In 1762 George Augustus Frederick, Prince of Wales, was born; and as soon as he approached manhood, he displayed the worst features of his ancestral house: he was extravagant and debauched; he threw himself into a violent opposition to his father: with this view he was at first a Whig, but afterwards became a Tory. He had also peculiar opportunities for exerting authority during the temporary fits of insanity which attacked the king in 1764, in 1788, and in 1804. At last, in 1810, the king was so disabled from attending to his duties that the prince became regent, and assumed the reins of government, not to resign them again during his life.

In speaking of the drama of this period, we should hardly, therefore, be wrong in calling it the Drama of the Regency. It held, however, by historic links, following the order of historic events, to the earlier drama.
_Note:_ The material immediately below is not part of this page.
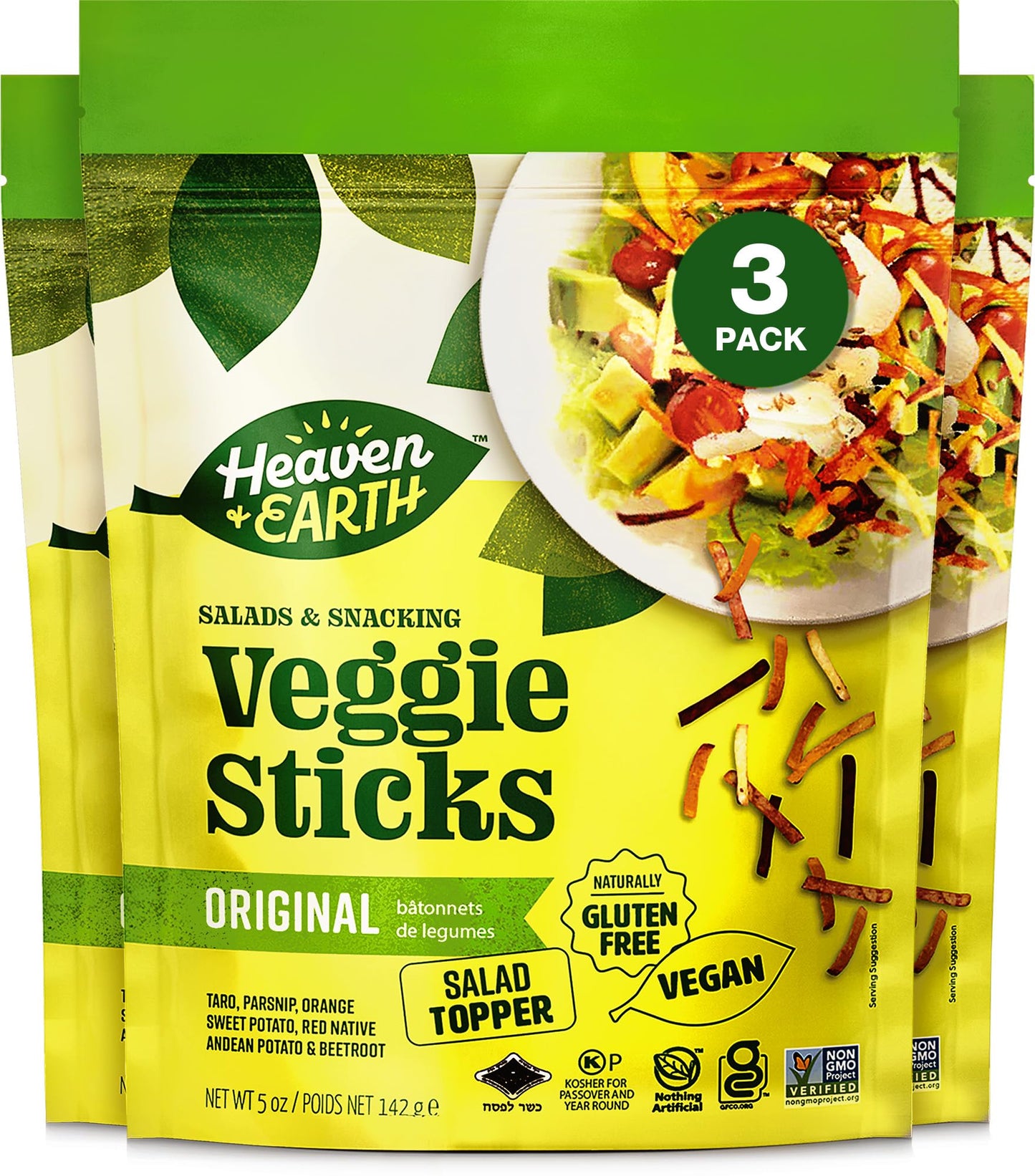 Heaven & Earth, Veggie Sticks, Snack & Salad Topper, 5oz (3 Pack) Resealable Pouch, Gluten Free, Non GMO Verified, Certified Kos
Shakspeare and his contemporaries had established the dramatic art on a firm basis. The frown of puritanism, in the polemic period, had checked its progress: with the restoration of Charles II, it had returned to rival the French stage in wicked plots and prurient scenes. With the better morals of the Revolution, and the popular progress which was made at the accession of the house of Hanover, the drama was modified: the older plays were revived in their original freshness; a new and better taste was to be catered to; and what of immorality remained was chiefly due to the influence of the Prince of Wales. Actors, so long despised, rose to importance as great artists. Garrick and Foote, and, later, Kemble, Kean, and Mrs. Siddons, were social personages in England. Peers married actresses, and enduring reputation was won by those who could display the passions and the affections to the life, giving flesh and blood and mind and heart to the inimitable creations of Shakspeare.

It must be allowed that this power of presentment marks the age more powerfully than any claims of dramatic authorship. The new play-writers did not approach Shakspeare; but they represented their age, and repudiated the vices, in part at least, of their immediate predecessors. In them, too, is to be observed the change from the artificial to the romantic and natural, The scenes and persons in their plays are taken from the life around them, and appealed to the very models from which they were drawn.
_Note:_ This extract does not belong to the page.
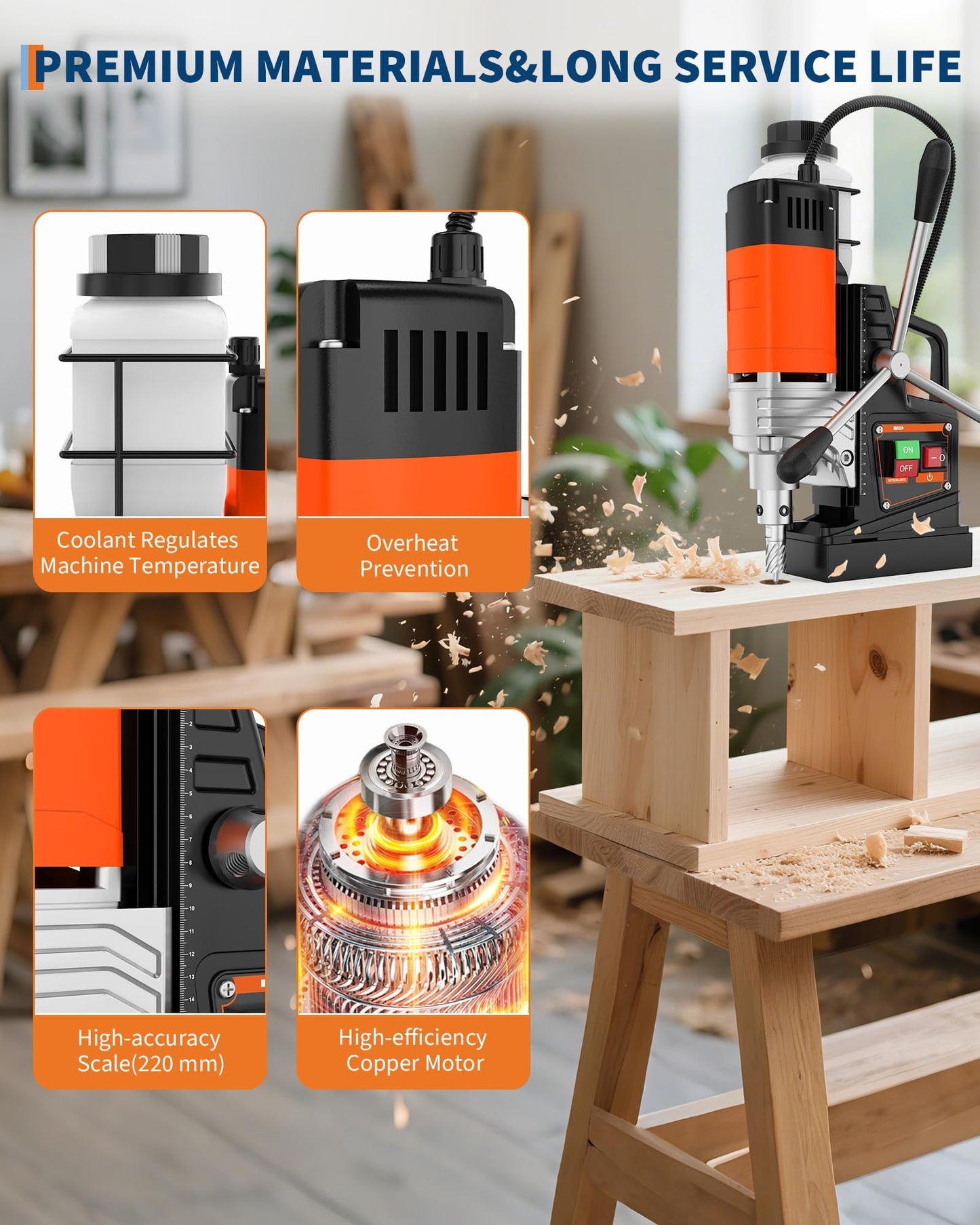Magnetic Drill, 1750w Portable Electric Drill Machine, 2" Boring Diameter, 2922Lbf Magnetic Force, 810RPM, Heavy Duty Magnetic Drilling Machine for Metal, Industrial & Home Use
DAVID GARRICK.—First among these purifiers of the drama is David Garrick, who was born in Lichfield, in 1716. He was a pupil of Dr. Johnson, and came up with that distinguished man to London, in 1735. The son of a captain in the Royal army, but thrown upon his own exertions, he first tried to gain a livelihood as a wine merchant; but his fondness for the stage led him to become an actor, and in taking this step he found his true position. A man of respectable parts and scholarship, he wrote many agreeable pieces for the stage; which, however, owed their success more to his accurate knowledge of the mise en scene, and to his own representation of the principal characters, than to their intrinsic merits. His mimetic powers were great: he acted splendidly in all casts, excelling, perhaps, in tragedy; and he, more than any actor before or since, has made the world thoroughly acquainted with Shakspeare. Dramatic authors courted him; for his appearance in any new piece was almost an assurance of its success.
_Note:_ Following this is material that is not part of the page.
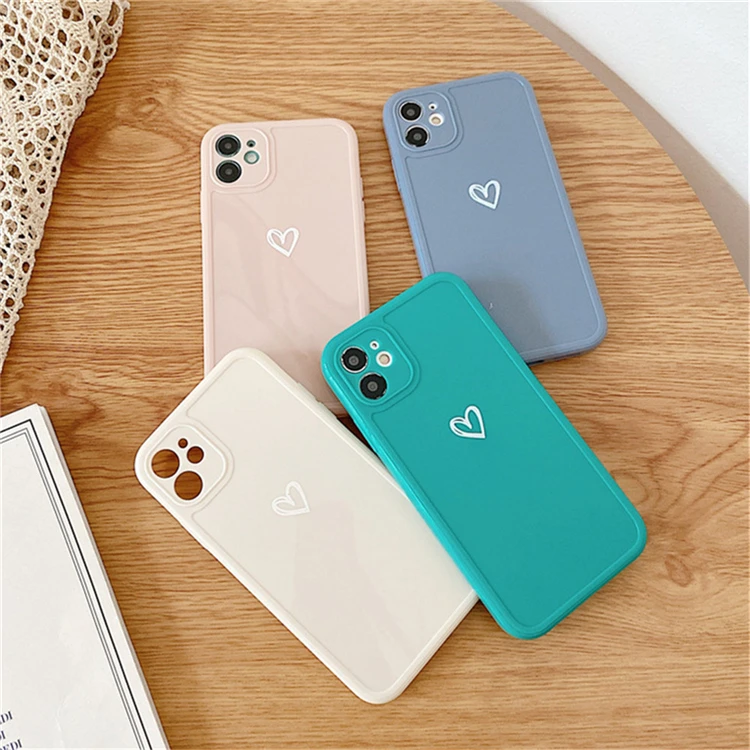 

matte new silicone cell mobile phone case with hearts for iphone 11 pro max 12 with love heart logo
Besides many graceful prologues, epigrams, and songs, he wrote, or altered, forty plays. Among these the following have the greatest merit: The Lying Valet, a farce founded on an old English comedy; The Clandestine Marriage, in which he was aided by the elder Colman; (the character of Lord Ogleby he wrote for himself to personate;) Miss in her Teens, a very clever and amusing farce. He was charmingly natural in his acting; but he was accused of being theatrical when off the stage. In the words of Goldsmith:

    On the stage he was natural, simple, affecting; 
    'Twas only that when he was off, he was acting.

Garrick married a dancer, who made him an excellent wife. By his own exertions he won a highly respectable social position, and an easy fortune of L140,000, upon which he retired from the stage. He died in London in 1779.